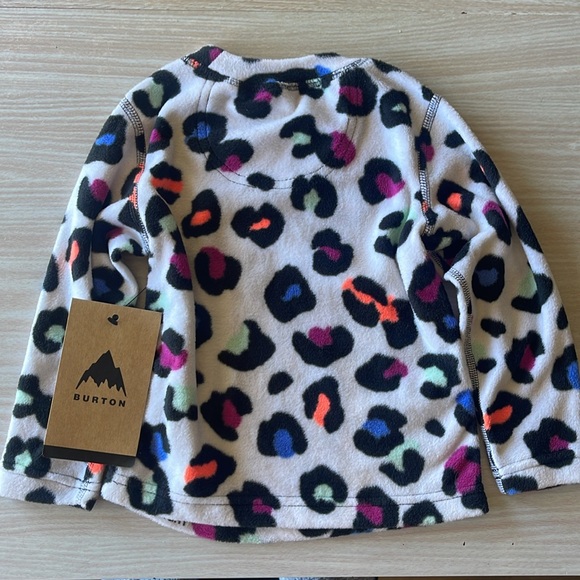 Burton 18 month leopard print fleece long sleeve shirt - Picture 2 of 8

--

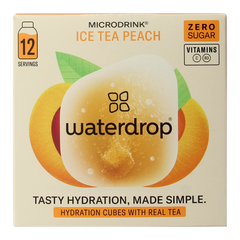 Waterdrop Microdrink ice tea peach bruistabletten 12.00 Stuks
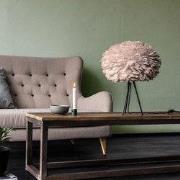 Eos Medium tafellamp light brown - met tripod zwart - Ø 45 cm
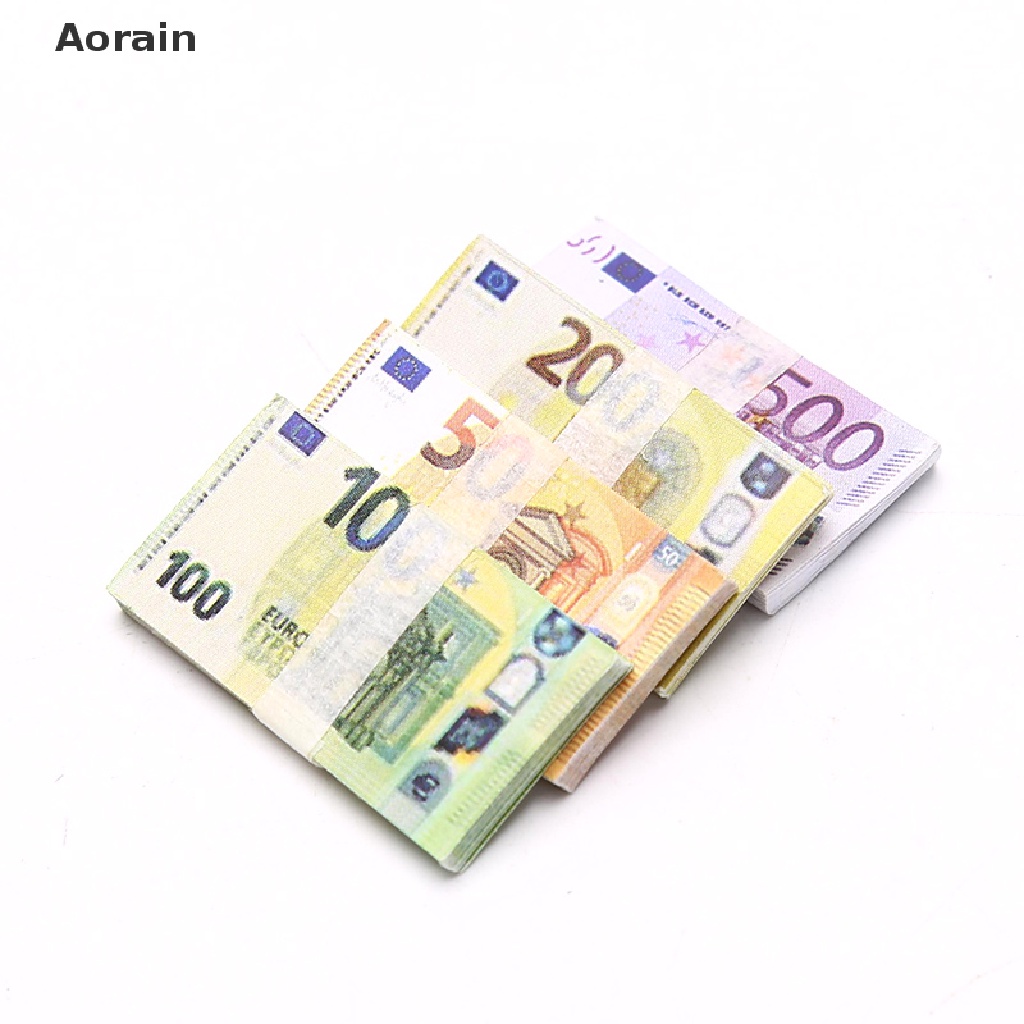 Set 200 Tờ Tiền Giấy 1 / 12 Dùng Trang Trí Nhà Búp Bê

(Assigned task):
Pictures in the entries do not go into the copy. Print only the lines starting at the one containing "Waterdrop Microdrink ice" and ending at the one containing "Set 200 Tờ Tiền", exactly as they appear.

(Task answer):
 Waterdrop Microdrink ice tea peach bruistabletten 12.00 Stuks
 Eos Medium tafellamp light brown - met tripod zwart - Ø 45 cm
 Set 200 Tờ Tiền Giấy 1 / 12 Dùng Trang Trí Nhà Búp Bê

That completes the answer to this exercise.